Disillusionment
May 29th marked the two month halfway point of my stay at the Zen monastery. It’s safe to say that I’m past the disillusionment stage, you know, if I were in a relationship. But why can’t the “5 stages of committed relationships” apply to experiences, instead of people, as well? Two months and I can already sense the impending break-up.
At first, everything was new and exciting! Look at how we get to eat yummy vegetarian meals with chopsticks everyday in silence! How about this cool chanting in Chinese thing for half an hour every morning?? You mean mopping the floor is meditation!? I finally understand why cleanliness is next to Godliness! My boobs are really sweating out toxins while I’m meditating, holy shit! What the heck are they trying to tell me in class today? Wow, I have zero concentration skills, let me doodle on my notebook and write in my journal instead.
That kind of thing.
Now it’s more like, what’s the point of all this!?

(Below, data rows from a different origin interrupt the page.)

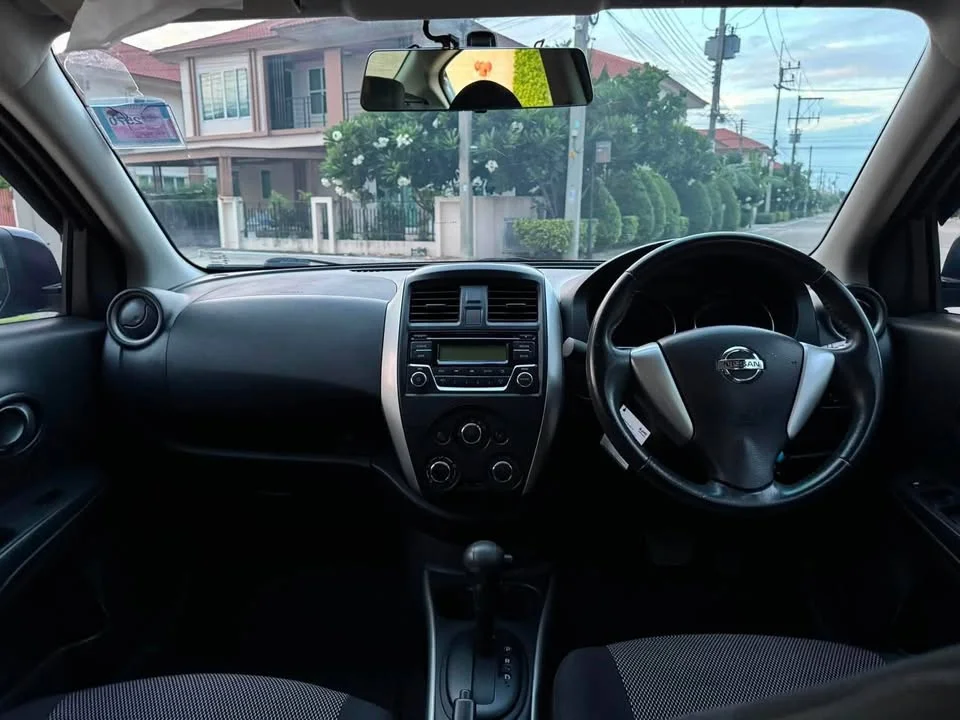 2018 Nissan Almera N17 2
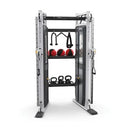 Matrix Fitness Versa Series. Functional Trainer Std Stack With 30" (76 Cm) Storage Rack (Delivery Site Survey Required) Sales Into Medical Markets In 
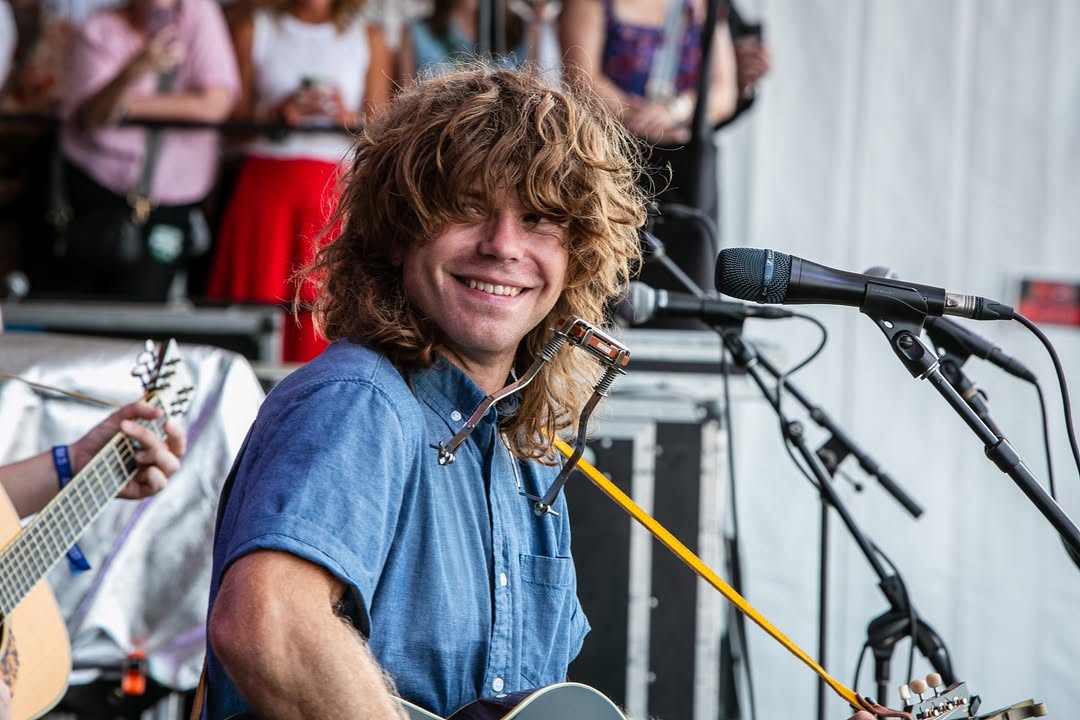 Jesse Welles feature NPR Weekend Edition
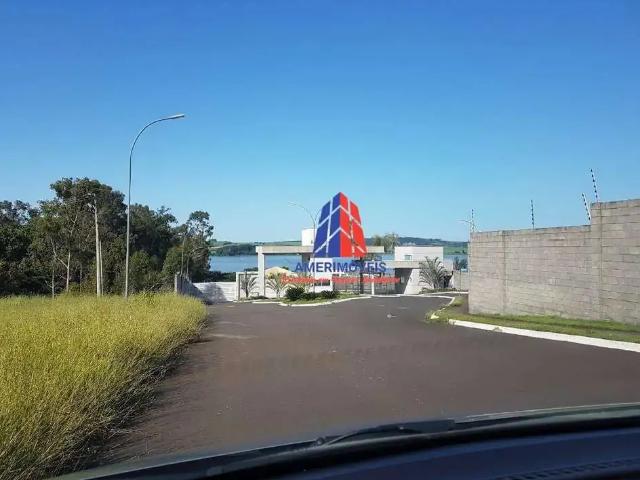 Terreno / Lote para Venda em Americana/SP Residencial Jardim Barra do Cisne I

What’s the point of any of this? This whole life thing. I didn’t actually think I was going to find answers like the Meaning of Life here, did I?
When evaluating and making decisions in my life, I try to answer the question: does this add value to my life? Of course, I answered “yes” when I decided to sign myself up for this but now, I’m not so sure. While I have no doubt this experience will help me in the hectic day-to-day of society, calm me while I try to stay positive, and even help me professionally, I no longer see value in the constant rinse, repeat lifestyle. A third of the people have already quit early, and I have to admit, I’m wondering about the same. In reality, I know I’ll stick it out because I’m not one for quitting when I’ve made a commitment towards something (a quick dodge in my mind makes me think otherwise, but in this situation, lets just pretend it’s a true blanket statement OK?), but my mind has grown increasingly less present now that it’s halfway through the program. That sense of wonder and bliss and true presence is starting to escape me. I’m worrying about what’s next and trying to secure my next adventure. Once again, I’m living in the future.
Anxieties build up again about my “career”. While it’s obvious I’m on a career break/sabbatical and I should learn to own it and enjoy it, I’m still worrying about how to get a job, or design my own job entrepreneur style. I start to think if this whole monastery stint was truly a way to experience something worthwhile, or just an excuse to put off the “real world”. Shudder.
The real world. As if this life now isn’t reality?
In Real Life
“This isn’t me in real life,” one girl kept pointing out during our stay. It struck me as a funny thing to say since our life, now, is in the monastery. How real can you get? I get what she was trying to say, though. In “real life” she’s louder, more flamboyant. Wearing uniforms that remind me of really crappy made in China workout pants and polos doesn’t exactly give much room for self expression. Her life back in Manila is so vastly different from our current experience that she equates a sort of Zen detachment towards it, boldly claiming it’s “not me”. It got me thinking. Who am I in real life anyway? I’m constantly adjusting myself to new situations and surroundings that I no longer have a stable life to base my “reality” on. The only real life I’ve got is here in the present. And the real world? It’s just an imaginary concept existing in our minds to keep the status-quo going. I don’t like the “real world” and I suspect I won’t enter it again.
In real life, I am discovering I thrive in situations I never thought I could, in the unknown. I’m realizing I am an adventurer that hates complacency, and in turn, status-quo. I’m learning how to accept that and live life more freely, without borders and on the edges. The hardest part of it all is learning how to take the responsibility of leading my own life, in my own hands, and trying to figure out my own path to carve. The meaning of life IS what you make out of it. It’s that simple, but infinitely and in turn, that much harder.